Repeat the whole listing exactly.

Data extract

= = = = = = =

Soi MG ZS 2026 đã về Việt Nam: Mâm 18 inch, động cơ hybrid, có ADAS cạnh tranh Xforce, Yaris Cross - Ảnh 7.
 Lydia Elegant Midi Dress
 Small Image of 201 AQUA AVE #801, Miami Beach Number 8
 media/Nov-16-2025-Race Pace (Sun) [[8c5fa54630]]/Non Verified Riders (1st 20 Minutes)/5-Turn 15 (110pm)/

= = = = = = =

Problem solution
Soi MG ZS 2026 đã về Việt Nam: Mâm 18 inch, động cơ hybrid, có ADAS cạnh tranh Xforce, Yaris Cross - Ảnh 7.
 Lydia Elegant Midi Dress
 Small Image of 201 AQUA AVE #801, Miami Beach Number 8
 media/Nov-16-2025-Race Pace (Sun) [[8c5fa54630]]/Non Verified Riders (1st 20 Minutes)/5-Turn 15 (110pm)/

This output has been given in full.